Similar to [2], the proposed method aims to map the normalized muscle operating conditions of an existing “reference model”, whose muscle parameters are assumed to be physiologically valid, onto a “target model” of different anthropometric dimensions for equivalent joint configurations. The algorithm, represented as flow chart in Fig. 2 A, consists of the following steps, applied to each muscle included in the model:

  1. In the reference model, the \(N_q\) degrees of freedom spanned by the musculotendon actuator are uniformly sampled using \(n_{dof}\) points per coordinate, so generating a set of \(n=(n_{dof})^{N_q}\) total model poses in which the considered muscle is equilibrated for isometric contraction with a unitary activation.
  2. For each pose \(i=1,2,...n\) of the reference model, the vectors of pennation angles \(\alpha_{i,ref}\), normalized fiber lengths \(\tilde{l}^m_{i,ref}\) and normalized tendon lengths \(\tilde{l}^t_{i,ref}\) are calculated using Eqs. (2) (3) (4).
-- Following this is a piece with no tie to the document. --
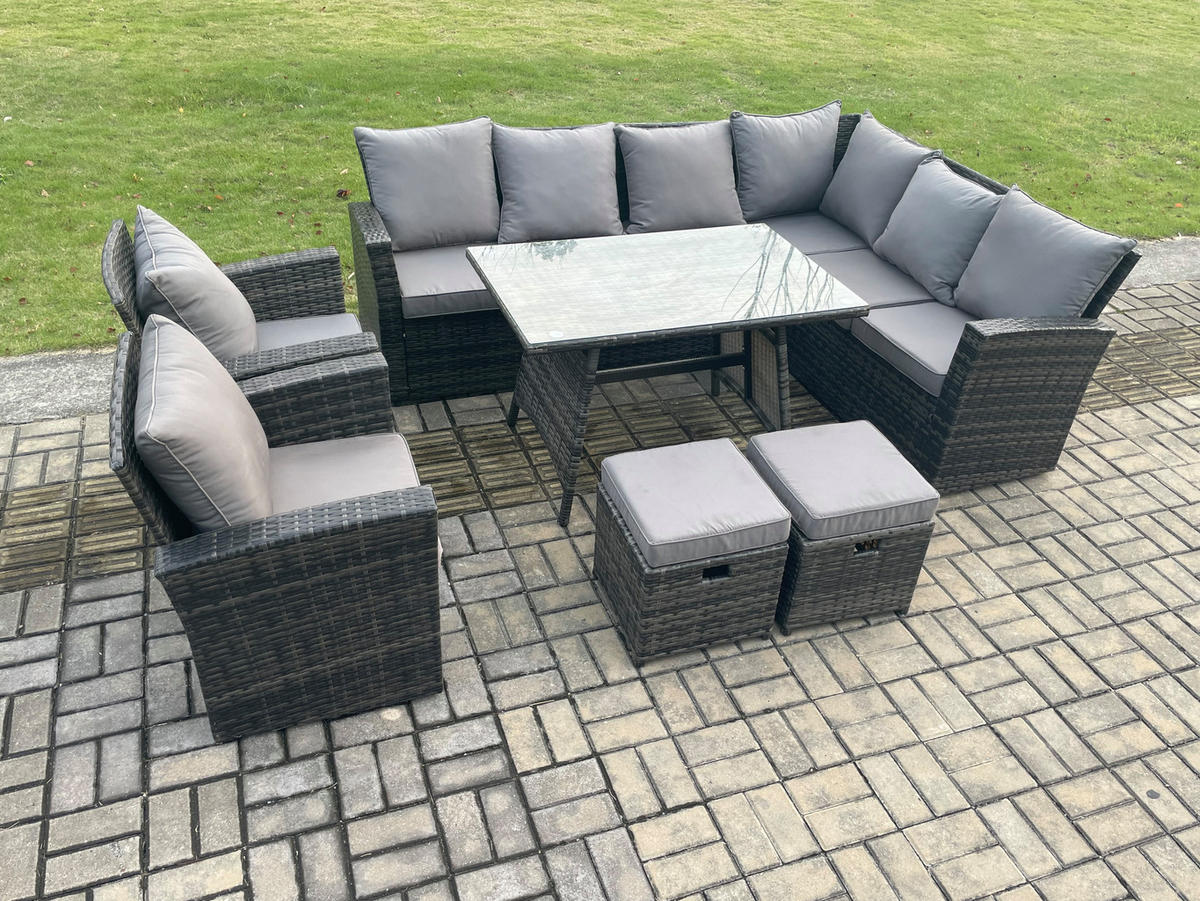 LOUNGEMÖBEL-SETS mit Esstisch Sofa Polyrattan Dunkelgrau 10-Sitzer - Dunkelgrau/Grau, Glas/Kunststoff - Fimous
Normalized fiber lengths outside the range of 0.5 and 1.5 or causing pennation angles approaching 90 degrees are excluded.
  3. The musculotendon lengths \(\alpha_{i,ref}\) are calculated in the target model for the same joint configurations used in the reference model at step 1.
  4. Imposing Eq. (5) for all poses, the following \(n \times 2\) linear system is obtained and can be solved in a least square sense, so obtaining the unknown values of \(l^m_{o,targ}\) and \(l^t_{s,targ}\).
(6)\[\begin{split}\begin{bmatrix} l_1^{mt} \\ l_2^{mt} \\ \vdots \\ l_n^{mt} \end{bmatrix}_{targ} = \begin{bmatrix} \tilde{l}_1^m\cos{\alpha_1} & \tilde{l}_1^t \\ \tilde{l}_2^m\cos{\alpha_2} & \tilde{l}_2^t \\ \vdots \\ \tilde{l}_n^m\cos{\alpha_n} & \tilde{l}_n^t \end{bmatrix}_{ref} \begin{bmatrix} l_o^m \\ l_s^t \end{bmatrix}_{targ}\end{split}\]

5. If the system yields non physiological results, such as \(l^t_{s,targ}<0\), the tendon fraction of \(l^mt_{targ}\) is temporary fixed at the same proportion of the reference model \(l^m_{o,targ}\) estimated by solving Eq. (6) and finally \(l^t_{s,targ}\) is re-computed from the same equation using the new value of \(l^m_{o,targ}\).

Bibliography

[1](1, 2) Luca Modenese, Elena Ceseracciu, Monica Reggiani, and David G Lloyd. Estimation of musculotendon parameters for scaled and subject specific musculoskeletal models using an optimization technique. Journal of biomechanics, 49(2):141–148, 2016.
[2](1, 2) C.R. Winby, D.G. Lloyd, and T.B. Kirk. Evaluation of different analytical methods for subject-specific scaling of musculotendon parameters. Journal of Biomechanics, 41(8):1682 – 1688, 2008.
[3]S. L. Delp, F. C. Anderson, A. S. Arnold, P. Loan, A. Habib, C. T. John, E. Guendelman, and D. G. Thelen. Opensim: open-source software to create and analyze dynamic simulations of movement. IEEE Transactions on Biomedical Engineering, 54(11):1940–1950, Nov 2007.
[4](1, 2) Felix E Zajac. Muscle and tendon: properties, models, scaling, and application to biomechanics and motor control. Critical reviews in biomedical engineering, 17(4):359–411, 1989.